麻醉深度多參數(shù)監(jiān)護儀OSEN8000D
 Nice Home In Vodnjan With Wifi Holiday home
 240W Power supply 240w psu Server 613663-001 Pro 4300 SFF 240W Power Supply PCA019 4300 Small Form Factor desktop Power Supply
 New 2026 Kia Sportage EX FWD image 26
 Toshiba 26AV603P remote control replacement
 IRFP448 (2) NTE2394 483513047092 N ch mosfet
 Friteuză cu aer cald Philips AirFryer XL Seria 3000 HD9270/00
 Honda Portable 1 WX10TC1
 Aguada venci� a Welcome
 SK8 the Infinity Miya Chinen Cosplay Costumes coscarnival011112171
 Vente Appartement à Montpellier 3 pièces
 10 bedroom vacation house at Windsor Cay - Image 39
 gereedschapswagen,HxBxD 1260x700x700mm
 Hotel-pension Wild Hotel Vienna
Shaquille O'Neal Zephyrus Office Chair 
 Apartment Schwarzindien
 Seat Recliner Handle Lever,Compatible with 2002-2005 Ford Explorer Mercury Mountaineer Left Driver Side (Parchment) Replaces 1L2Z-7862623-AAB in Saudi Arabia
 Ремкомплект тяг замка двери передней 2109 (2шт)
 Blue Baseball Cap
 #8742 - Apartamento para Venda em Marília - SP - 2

WHAT YOU NEED TO DO:
For this exercise, output exactly the lines above from the line with "IRFP448 (2) NTE2394 483513047092 N ch mosfet" to the line with "Apartment Schwarzindien", counting both, and leave out the rest.

EXERCISE OUTPUT:
 IRFP448 (2) NTE2394 483513047092 N ch mosfet
 Friteuză cu aer cald Philips AirFryer XL Seria 3000 HD9270/00
 Honda Portable 1 WX10TC1
 Aguada venci� a Welcome
 SK8 the Infinity Miya Chinen Cosplay Costumes coscarnival011112171
 Vente Appartement à Montpellier 3 pièces
 10 bedroom vacation house at Windsor Cay - Image 39
 gereedschapswagen,HxBxD 1260x700x700mm
 Hotel-pension Wild Hotel Vienna
Shaquille O'Neal Zephyrus Office Chair 
 Apartment Schwarzindien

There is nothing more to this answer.